**EXERCISE**
Your task is to write out the entire listing exactly, omitting its pictures.

**SUPPLIED MATERIAL**

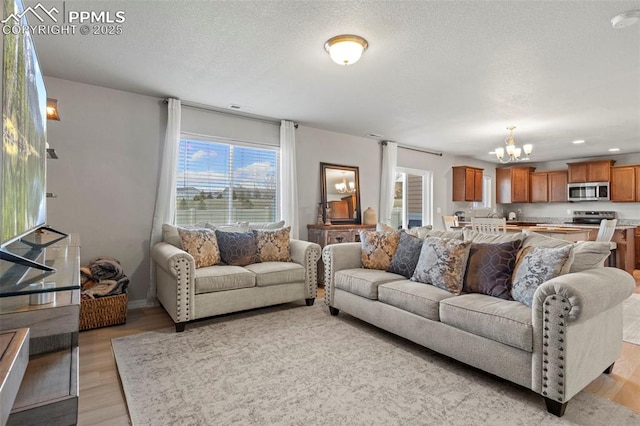 living room with light wood finished floors, a textured ceiling, and a notable chandelier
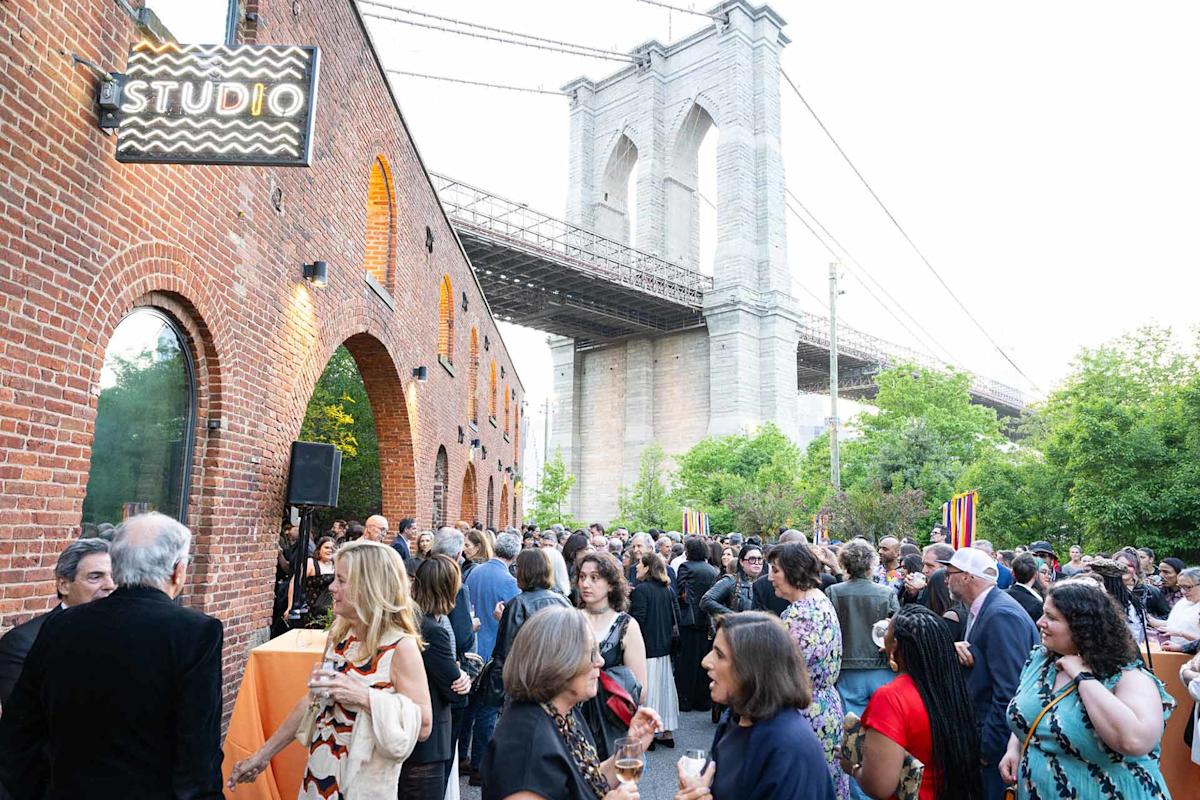 A large crowd gathers outside a brick building with an arched entrance under the Brooklyn Bridge. People are talking, holding drinks, and socializing at an outdoor event near a sign reading "STUDIO.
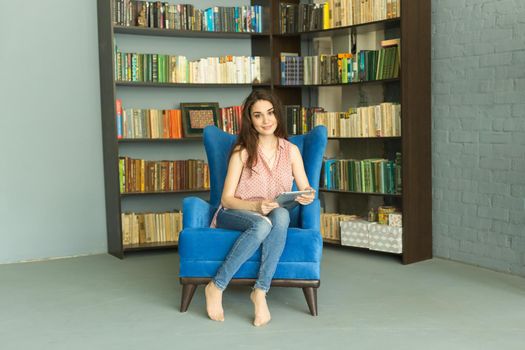 Leisure, people and home concept - Happy relaxed woman in home library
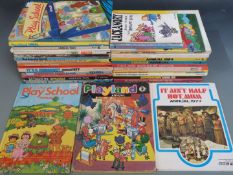 Thirty-two various children's annuals and books including Camberwick Green, Tiswas, Mission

**WRITTEN SOLUTION**
 living room with light wood finished floors, a textured ceiling, and a notable chandelier
 A large crowd gathers outside a brick building with an arched entrance under the Brooklyn Bridge. People are talking, holding drinks, and socializing at an outdoor event near a sign reading "STUDIO.
 Leisure, people and home concept - Happy relaxed woman in home library
 Thirty-two various children's annuals and books including Camberwick Green, Tiswas, Mission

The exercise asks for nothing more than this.